Lithium-ion is among the most promising solutions, offering greater durability, a lighter weight, and greater flexibility over traditional lead acid alternatives. This makes them ideal for use in a wide range of consumer and commercial applications, including home battery systems, electric vehicles, and all manner of off-grid energy systems.

“Lithium technology is inherently very energy dense, mass efficient, and capable of handling thousands of charge and discharge cycles with no memory effect,” says Huang Iu Senior Engineer at Canadian Energy. “Those factors alone have opened up the usability of energy storage into many different types of applications.”

Within its own product line, Iu says, Canadian Energy has incorporated Discovery Energy's lithium-ion's batteries in its Containerized Universal Battery (CUB), a technology designed for use in micro-grids and off-grid systems in remote communities. “What our CUB system can do is allow these communities to integrate a solar array or wind turbine into their distribution system and, along with providing energy storage, allow them to manage that flow of generating capacity and load output to ensure the system is operating as efficiently as possible.”

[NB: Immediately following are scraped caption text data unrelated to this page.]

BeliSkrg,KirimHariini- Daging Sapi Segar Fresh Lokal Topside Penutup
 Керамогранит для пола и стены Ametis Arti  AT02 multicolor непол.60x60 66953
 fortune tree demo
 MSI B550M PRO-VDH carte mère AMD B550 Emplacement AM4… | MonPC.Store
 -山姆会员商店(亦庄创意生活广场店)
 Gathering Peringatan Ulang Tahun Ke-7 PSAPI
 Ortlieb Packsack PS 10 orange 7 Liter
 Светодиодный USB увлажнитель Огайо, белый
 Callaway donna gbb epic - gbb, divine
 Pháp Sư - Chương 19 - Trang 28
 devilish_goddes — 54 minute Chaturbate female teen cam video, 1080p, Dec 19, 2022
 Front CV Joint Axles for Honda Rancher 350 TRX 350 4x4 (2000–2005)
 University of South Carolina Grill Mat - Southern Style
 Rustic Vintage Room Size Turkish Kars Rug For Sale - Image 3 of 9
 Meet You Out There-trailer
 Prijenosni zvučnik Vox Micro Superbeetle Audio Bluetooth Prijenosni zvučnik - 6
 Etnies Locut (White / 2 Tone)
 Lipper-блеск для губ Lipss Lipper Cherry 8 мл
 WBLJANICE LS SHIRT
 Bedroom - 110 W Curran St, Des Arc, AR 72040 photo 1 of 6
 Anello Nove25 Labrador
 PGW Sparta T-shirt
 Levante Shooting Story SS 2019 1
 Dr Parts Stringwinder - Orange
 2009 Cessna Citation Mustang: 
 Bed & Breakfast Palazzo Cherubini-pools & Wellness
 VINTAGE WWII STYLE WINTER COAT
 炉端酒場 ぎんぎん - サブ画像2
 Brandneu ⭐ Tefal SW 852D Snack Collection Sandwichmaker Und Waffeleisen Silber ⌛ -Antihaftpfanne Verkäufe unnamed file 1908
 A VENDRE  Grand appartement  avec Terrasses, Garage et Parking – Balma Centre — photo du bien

Up next, Canadian Energy will be leveraging lithium-ion technology in its CUB Nano line of products for residential energy home storage. Here again, the technology will allow homeowners to connect renewable energy sources to their homes and self-consume energy generated by solar array systems.

“If we were to use lead acid batteries, the system would be much larger, heavier, and more difficult to install. So what we're trying to show the marketplace with our CUB products is the ease of installation and attractiveness of the whole package,” notes Iu.

Discover Energy is also showcasing the versatility in its lithium-ion series of Advanced Energy Systems (AES) for residential applications, both on or off the grid.

“Depending on what you're trying to do with the system, you may only need one unit. But for higher loads, you can size your battery to support those loads for the period of time you need. That means you can parallel multiple batteries together,” explains Everett.

As with any new technology, reservations to lithium-ion technology are to be expected. For consumers, one of the biggest ones is the upfront price of lithium-ion batteries, which is typically higher than older technologies. Addressing this, Everett insists, “Lithium-ion has a much higher cycle life, so while you're spending a little more upfront, the total costs of ownership is actual lower.”

Reservations aside, both Iu and Everett are confident that once the benefits are better understood, consumers invest in the long-term advantages.